Washington/New York. Seit Monaten diskutierten die Regierungen der Welt darüber, wie sie der Finanzindustrie Einhalt gebieten können, um eine neue Finanzkrise zu verhindern. Die US- Börsenaufsicht SEC lässt nun Taten sprechen. Sie verklagt mit Goldman Sachs eines der mächtigsten Häuser der Wall Street wegen dubioser Finanzgeschäfte. Das beherzte Einschreiten schickt Schockwellen rund um die Welt. Kein Banker kann sich mehr sicher sein, dass er mit windigen Transaktionen ungeschoren davonkommt.

Der Vorwurf trifft die von Vertrauen lebende Bankbranche ins Mark: Goldman Sachs soll seine Anleger um mehr als eine Milliarde Dollar gebracht haben, weil die Investmentbank sie zum Kauf eines Finanzprodukts animierte, das von vornherein zum Scheitern verurteilt war. Denn ein großer Hedgefonds wirkte nach Erkenntnissen der SEC hinter den Kulissen am Aufbau mit – und wettete insgeheim auf einen Fehlschlag. Einer der Betrogenen ist demnach die deutsche Mittelstandsbank IKB, die Mitte 2007 nur durch staatliche Hilfe vor dem Zusammenbruch gerettet werden konnte.

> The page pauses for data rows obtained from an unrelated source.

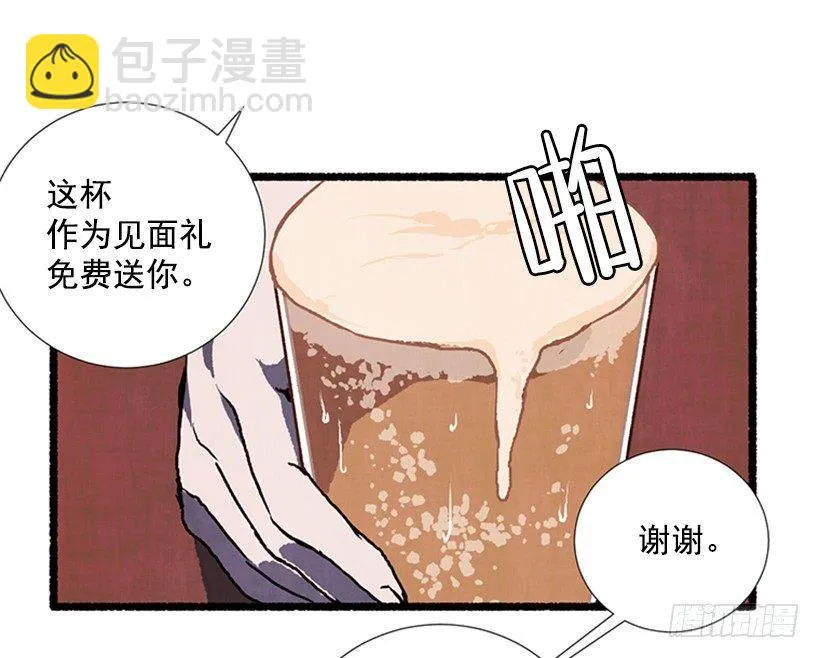 15.离开这里 第26页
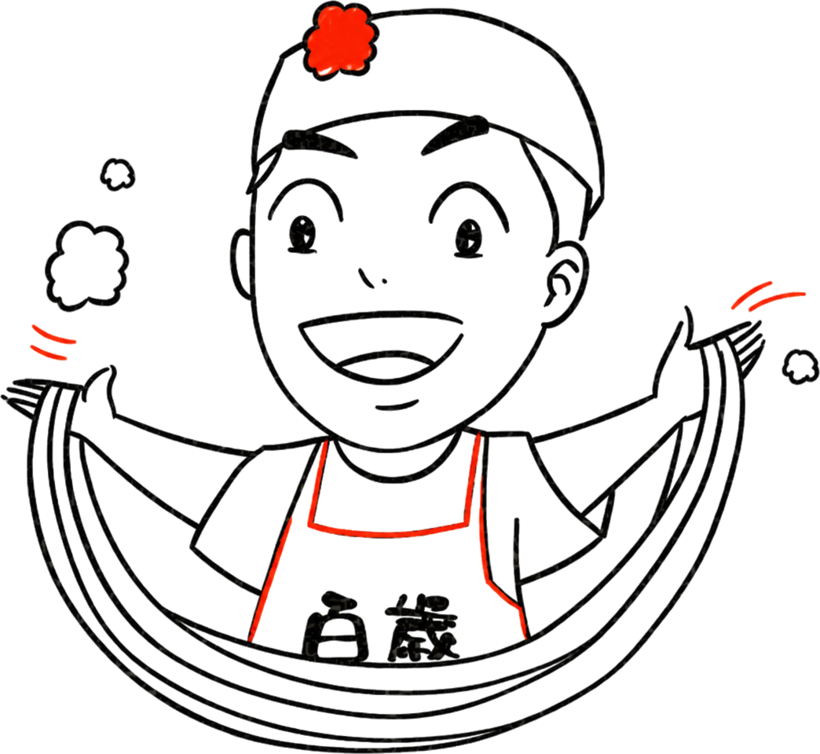 両手で麺の両端を持つ、百歳牛肉麺の公式キャラクター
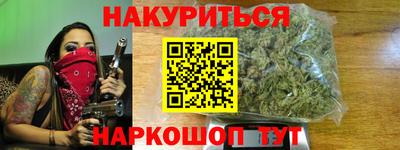 каннабис Абинск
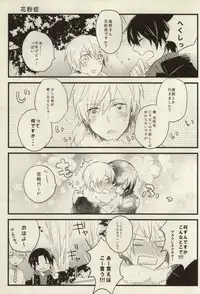 [Nejiremura (Chourou)] after that of a bathroom (Sekaiichi Hatsukoi)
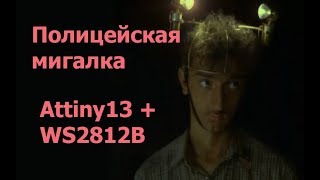 Полицейская мигалка на Attiny13 + WS2812B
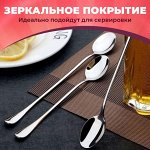 Столовые приборы и сервировочные салфетки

Die SEC stößt mit ihrer Klage tief zu den Ursachen der Finanzkrise vor. Viele Banken weltweit hatten sich mit kompliziert konstruierten Finanzprodukten verspekuliert. Sie alle hatten darauf gesetzt, dass der Häuserboom in den USA anhält. Doch der Wert der Immobilien stieg nicht immer weiter, sondern die Blase platzte. Die Kreditzinsen stiegen, viele Hausbesitzer konnten ihre Raten nicht mehr zahlen, der Geldfluss versiegte. Einige Institute wie Goldman Sachs erkannten die Gefahr rechtzeitig – und ließen, so der Vorwurf der SEC, die anderen Anleger ins offene Messer rennen.

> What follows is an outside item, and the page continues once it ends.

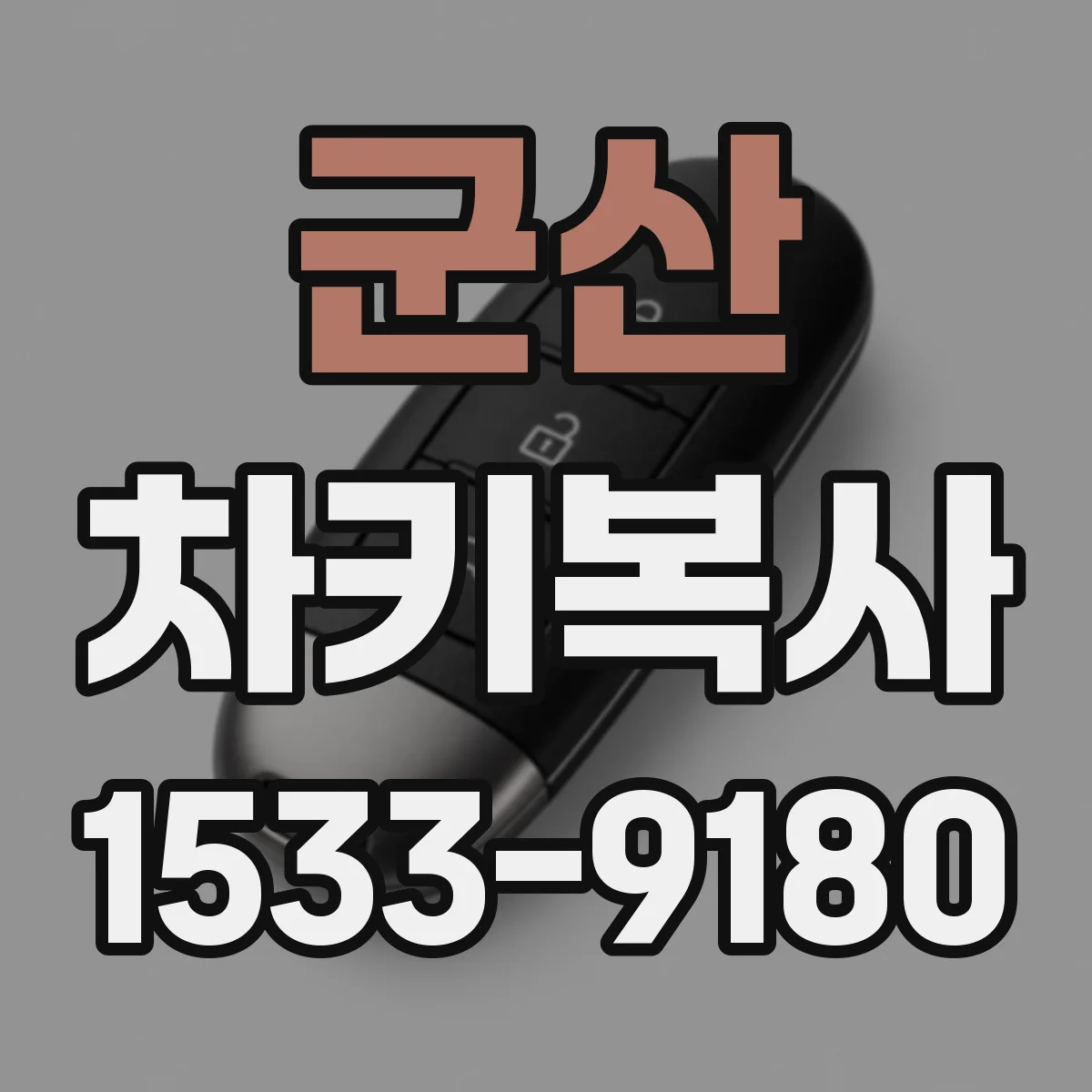 군산 차키복사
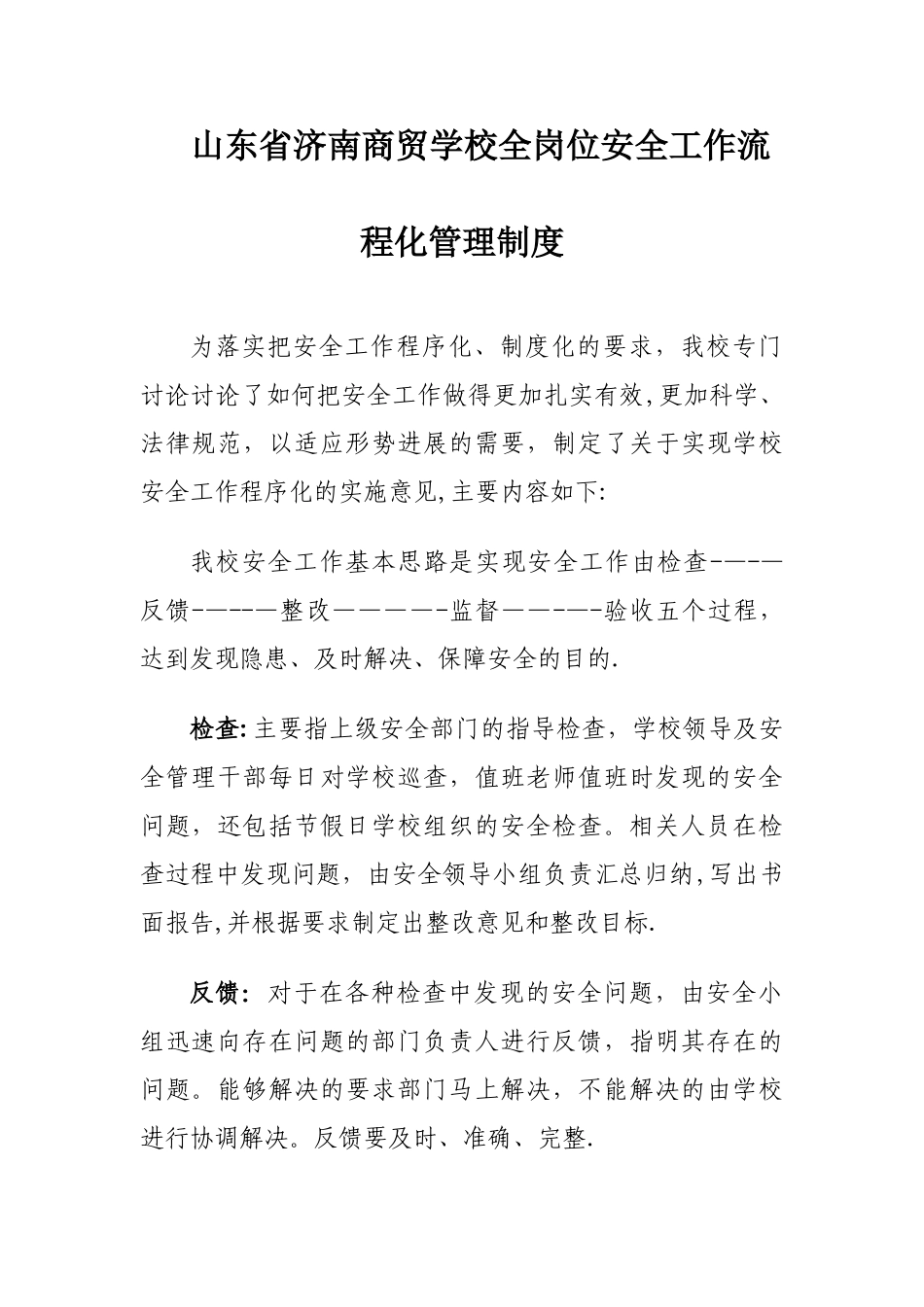 山东省济南商贸学校全岗位安全工作流程化管理制度_第1页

„Die SEC lässt nicht locker, das Verhalten der Investmentbanken und anderer zu untersuchen, die in die Verbriefung komplexer Finanzprodukte im Zusammenhang mit dem US-Häusermarkt eingebunden waren“, drohte am Freitag unverhohlen der SEC-Verantwortliche Kenneth Lench. Nun kocht die Sorge an den weltweiten Finanzplätzen hoch, dass auch andere Banken wegen ihrer Geschäfte zur Rechenschaft gezogen werden.

Weltweit fielen die Aktienkurse. Goldman Sachs büßte in der Spitze fast 16 Prozent ein. Alle Märkte, in denen die US-Investmentbank mitmischt, gerieten unter Druck: Der Goldpreis bröckelte, Rohstoffe wie Öl verbilligten sich, Anleihen nahmen Schaden. Die einflussreiche amerikanische Finanz-Nachrichtenagentur Bloomberg nannte es eines „Bombe“, die die SEC da gezündet habe. Die Auswirkungen waren bis nach Europa spürbar: Die Titel der ebenfalls im Investmentbanking umtriebigen Deutschen Bank verloren fast 8 Prozent.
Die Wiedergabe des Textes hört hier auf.